Hiltzik: Time to retire our aging Supreme Court justices

If it’s true that as Mark Twain supposedly said, history doesn’t repeat itself but it often rhymes, then we are about to embark on a poetry slam for the ages, with the Supreme Court as its theme.

President Biden on Monday unveiled a package of proposals to rein in a court that has seen public confidence reach a low ebb not recorded by the Gallup Organization in readings dating back to 1973.

Most significantly, he is calling for 18-year term limits for Supreme Court justices and the imposition by Congress of binding conduct and ethics rules requiring the justices to “disclose gifts, refrain from public political activity, and recuse themselves from cases in which they or their spouses have financial or other conflicts of interest.”

Term limits would… make timing for Court nominations more predictable and less arbitrary; and reduce the chance that any single Presidency imposes undue influence for generations to come.

— President Biden on his Supreme Court reform plan

He is also proposing a constitutional amendment to neutralize a court decision appearing to give former presidents immunity for crimes committed while in office.

The template for these proposals is Franklin Roosevelt’s 1937 plan to “pack” the court by allowing presidents to appoint a new justice when any sitting justice failed to resign or retire within six months of turning 70, up to a maximum of six new justices.

The manifest goal was to dilute the influence of a cadre or conservative justices who had overruled almost every New Deal law or regulation that had come before them, as well as several other measures.

If FDR could counsel Biden today, he might warn him to move carefully; FDR’s court-packing scheme went down in flames amid congressional opposition, cut deeply into the popularity that had brought him a landslide reelection victory in the 1936 election, and brought the New Deal to a screeching halt.
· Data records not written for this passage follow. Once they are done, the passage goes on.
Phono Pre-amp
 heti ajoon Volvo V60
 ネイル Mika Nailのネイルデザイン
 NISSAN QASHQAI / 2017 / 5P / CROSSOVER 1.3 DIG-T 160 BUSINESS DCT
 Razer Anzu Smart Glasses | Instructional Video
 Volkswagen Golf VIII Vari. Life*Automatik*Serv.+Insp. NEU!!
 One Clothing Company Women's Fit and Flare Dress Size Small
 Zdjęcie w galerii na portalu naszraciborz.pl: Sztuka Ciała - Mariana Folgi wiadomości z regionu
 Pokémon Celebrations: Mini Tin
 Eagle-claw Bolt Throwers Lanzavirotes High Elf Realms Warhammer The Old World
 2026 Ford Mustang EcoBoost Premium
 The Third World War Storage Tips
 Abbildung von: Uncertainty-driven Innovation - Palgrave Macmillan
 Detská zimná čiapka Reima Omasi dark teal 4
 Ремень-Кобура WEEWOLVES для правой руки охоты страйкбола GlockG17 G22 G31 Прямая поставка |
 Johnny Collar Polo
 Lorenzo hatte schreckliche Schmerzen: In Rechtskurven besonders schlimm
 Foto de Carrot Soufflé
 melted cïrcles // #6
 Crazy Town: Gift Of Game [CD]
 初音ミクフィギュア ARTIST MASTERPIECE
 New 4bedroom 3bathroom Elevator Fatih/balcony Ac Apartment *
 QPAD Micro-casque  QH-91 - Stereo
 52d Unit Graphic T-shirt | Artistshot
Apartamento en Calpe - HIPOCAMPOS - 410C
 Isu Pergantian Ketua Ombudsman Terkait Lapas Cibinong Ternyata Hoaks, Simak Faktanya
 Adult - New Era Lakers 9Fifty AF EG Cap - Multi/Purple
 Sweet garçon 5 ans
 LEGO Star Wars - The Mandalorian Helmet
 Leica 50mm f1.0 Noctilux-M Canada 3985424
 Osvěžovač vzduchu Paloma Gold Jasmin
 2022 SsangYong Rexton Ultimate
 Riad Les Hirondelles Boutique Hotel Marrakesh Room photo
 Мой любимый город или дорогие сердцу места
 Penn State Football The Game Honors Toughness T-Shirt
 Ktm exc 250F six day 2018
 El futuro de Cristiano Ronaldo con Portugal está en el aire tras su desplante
It also represented a moment in which FDR lost his unique ability to gauge the popular mood and act upon it.

The politics of Supreme Court reform today resemble those of 1937 in many ways, though as Twain’s supposed quip suggests, there are significant differences. Let’s look at the differences first.

Roosevelt was then at the outset of his second term, riding high on an electoral victory that may have given him a greater sense of his political omnipotence than he actually possessed. Biden, of course, is less than six months away from the end of his presidency. Roosevelt could look ahead at four more years of policymaking; Biden may be more focused on cementing his legacy of progressive achievements by bequeathing the nation a reformed Supreme Court.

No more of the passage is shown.